(WORK INSTRUCTIONS):
None of the pictures should appear; the lines from the line containing "Image of 4 people" through the last line of the listing must be repeated exactly.

<<<<

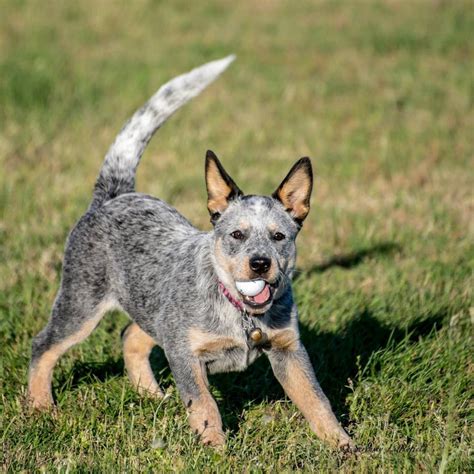 Blue Australian Cattle Dog Puppy Heeler Puppies, Dogs And Puppies, Doggies, Best Dog Breeds ...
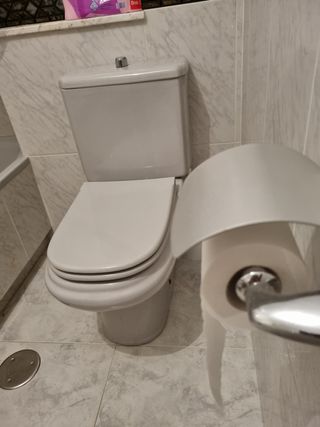 Pileta y wc gris Roca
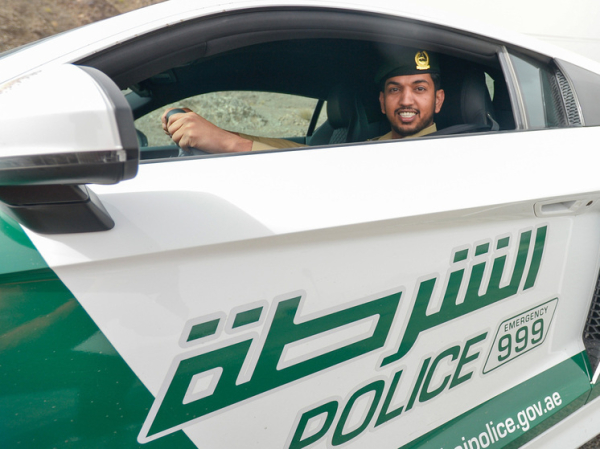 Дубайская полиция за 8 часов вернула «Розовую пантеру» стоимостью в десятки миллионов долларов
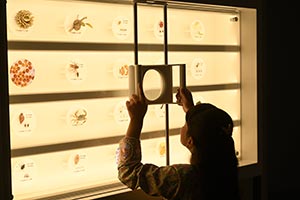 Natural History Museum Abu Dhabi  Marine Month  WHAT'S ON: August 2026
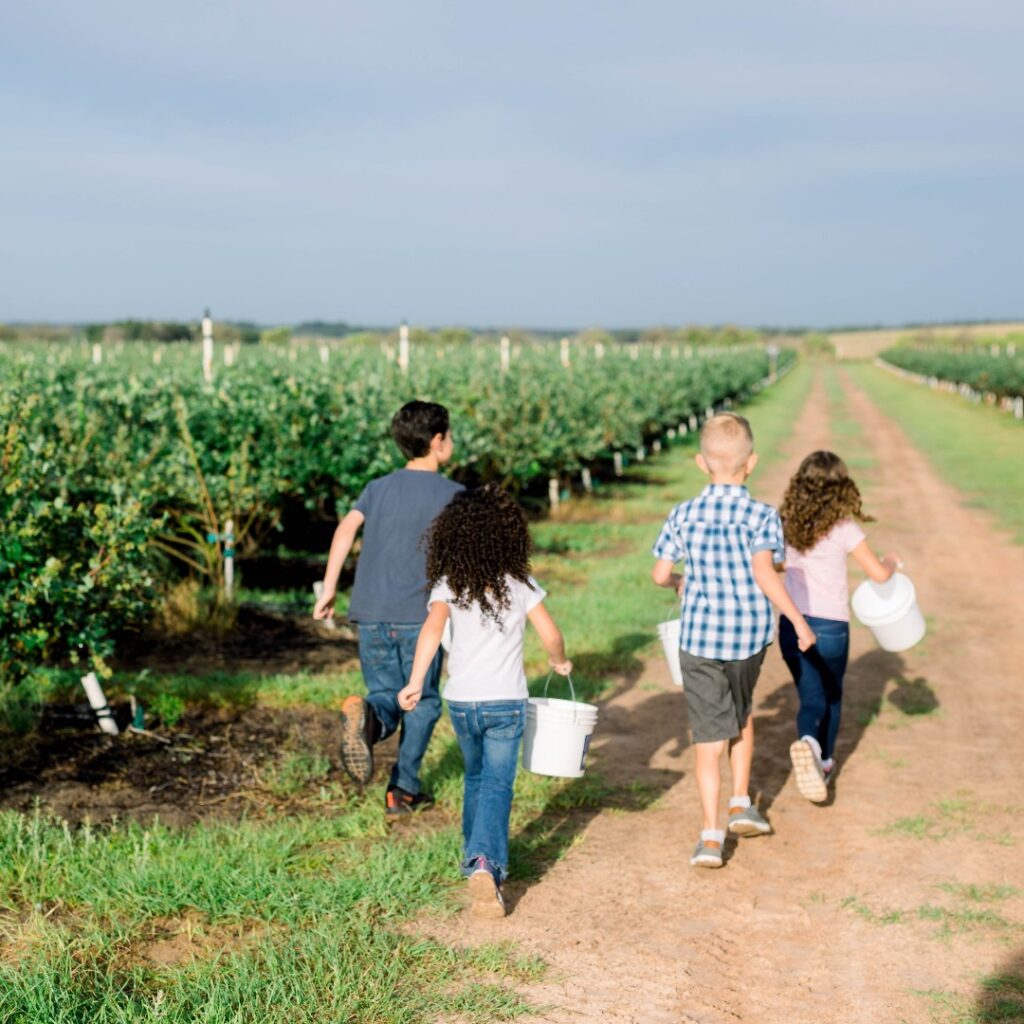 Image of 4 people walking through a field holding buckets at Southern Hill Farms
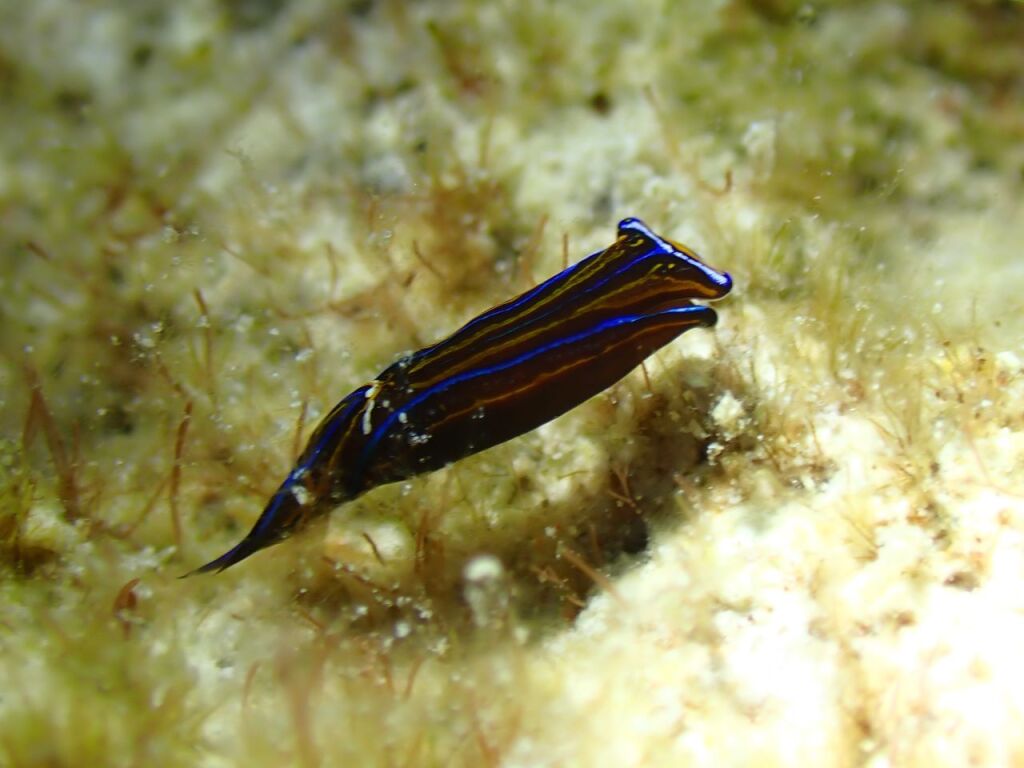 ニシキツバメガイ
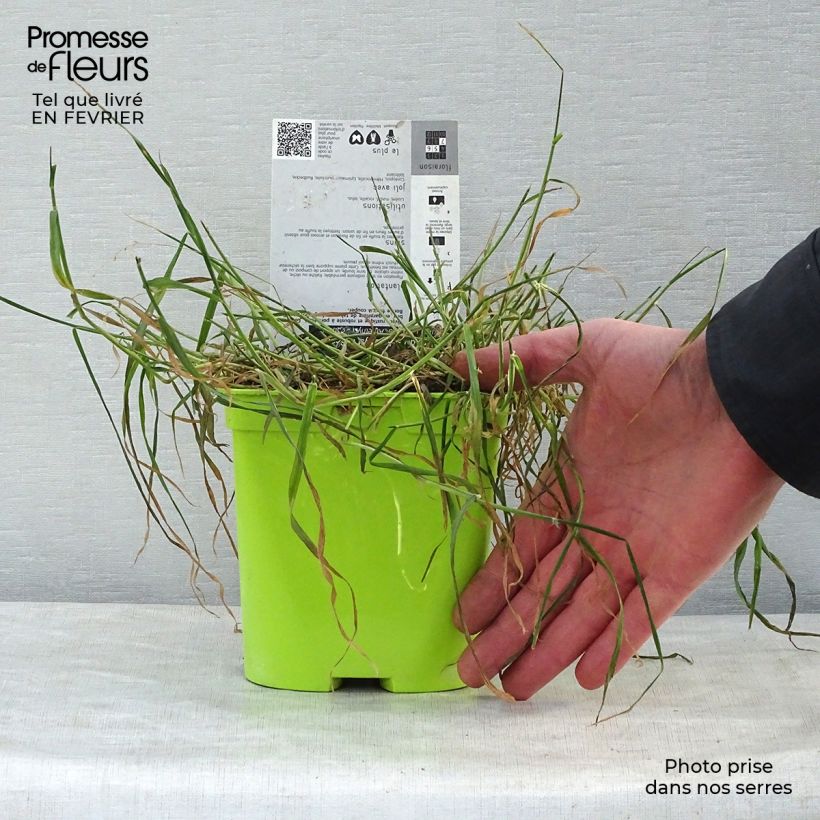 Example of Berg-Flockenblume Amethyst Dream - Centaurea montana Topf mit 2L/3L as you get in hiver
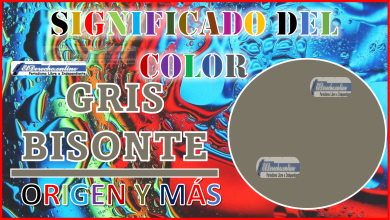 El color Gris bisonte, significado, origen y más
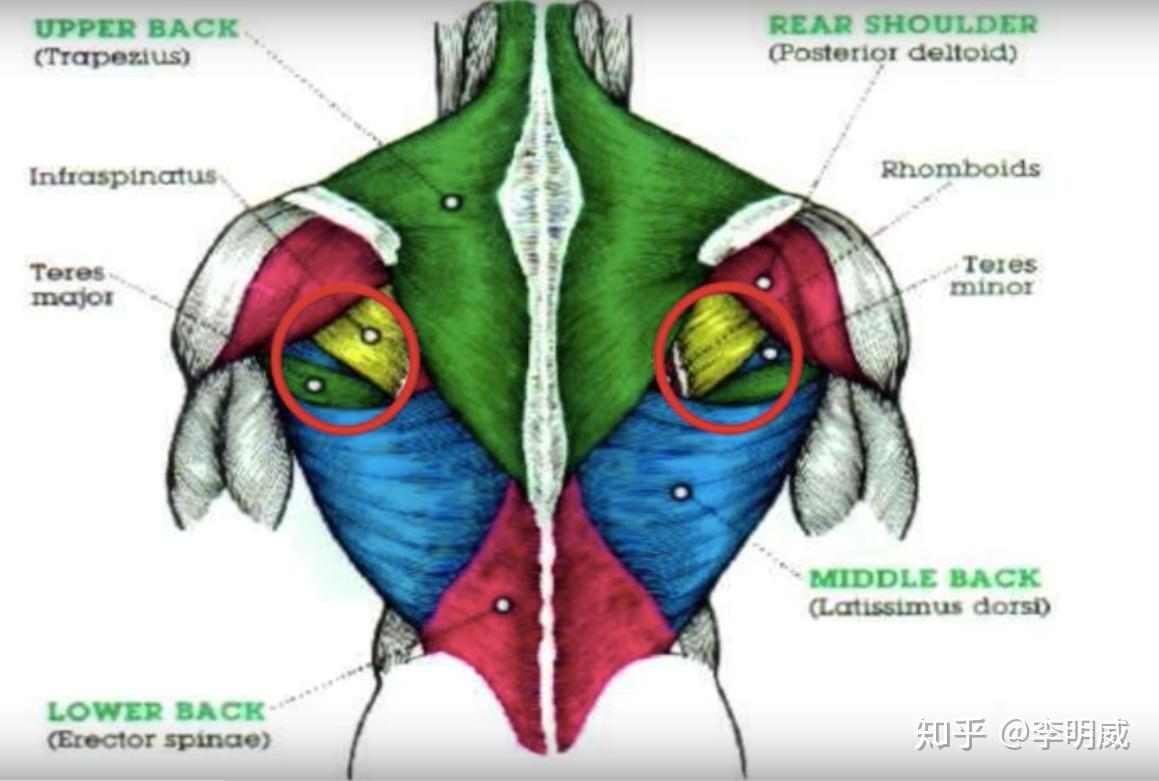 最详细肌肉拉伸教程二：背部拉伸 - 知乎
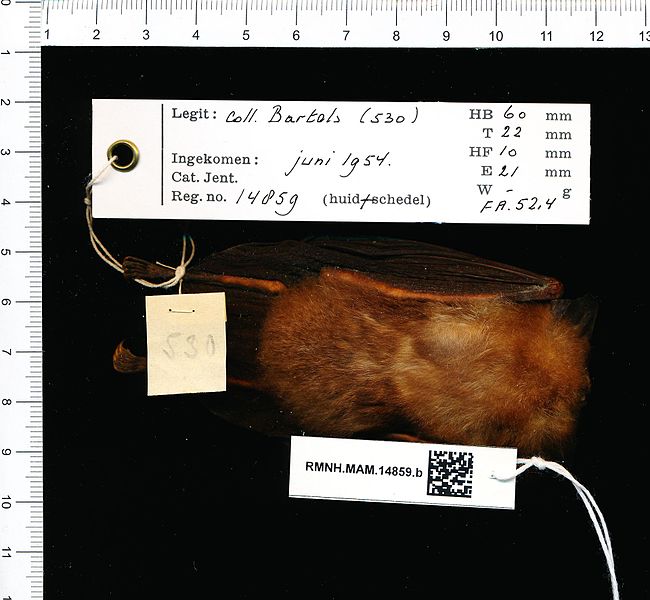 File:Naturalis Biodiversity Center - RMNH.MAM.14859.b reg - Rhinolophus affinis affinis - skin.jpeg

>>>>

(EXERCISE RESPONSE):
 Image of 4 people walking through a field holding buckets at Southern Hill Farms
 ニシキツバメガイ
 Example of Berg-Flockenblume Amethyst Dream - Centaurea montana Topf mit 2L/3L as you get in hiver
 El color Gris bisonte, significado, origen y más
 最详细肌肉拉伸教程二：背部拉伸 - 知乎
 File:Naturalis Biodiversity Center - RMNH.MAM.14859.b reg - Rhinolophus affinis affinis - skin.jpeg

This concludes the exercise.